Anche il padre, testimone di questo lento suicidio, è incapace di gestire tanta sofferenza ma tenta almeno di “esserci”, la madre è mancata da qualche anno e ha lasciato un grande vuoto. Quando dovrà andare a lavorare nella cooperativa di pulizie del Bambin Gesù è convinto che questa esperienza, a contatto con i bambini malati, lo ucciderà.
“La casa degli sguardi” è il mio primo film di Luca Zingaretti come autore e regista. Nel film è anche interprete del ruolo del padre di Marco.
Dice così il regista: “È un film che parla del dolore, ma non in termini negativi, ma come ingrediente necessario per la felicità, perché dolore e gioia sono fatti della stessa materia. La casa degli sguardi è un film sulla poesia, sulla bellezza e sulla loro capacità salvifica.
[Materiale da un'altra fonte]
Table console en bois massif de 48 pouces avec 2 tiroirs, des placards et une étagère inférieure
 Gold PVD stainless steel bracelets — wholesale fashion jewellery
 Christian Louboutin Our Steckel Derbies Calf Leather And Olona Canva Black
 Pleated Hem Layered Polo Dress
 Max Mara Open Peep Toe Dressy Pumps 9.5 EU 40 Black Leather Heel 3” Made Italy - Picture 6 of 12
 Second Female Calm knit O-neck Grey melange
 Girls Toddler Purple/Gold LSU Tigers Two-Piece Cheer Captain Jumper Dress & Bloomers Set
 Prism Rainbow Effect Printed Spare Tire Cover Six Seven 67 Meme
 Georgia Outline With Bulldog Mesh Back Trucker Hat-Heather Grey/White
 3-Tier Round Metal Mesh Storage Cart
Un film che parla di genitori e figli e della capacità di stare, come atto di amore più puro. È un film sull’amore e l’amicizia, che possono farti ritrovare la strada di casa. È un film sul lavoro, che radica e identifica, e sulle persone che lo nobilitano. Un film sulla vita, dove c’è sempre un motivo per resistere, sulla speranza e sulla capacità dell’uomo di risorgere. Il mio film è una casa di tanti sguardi che ho visto, sostenuto, evitato, adorato, temuto, sperato.”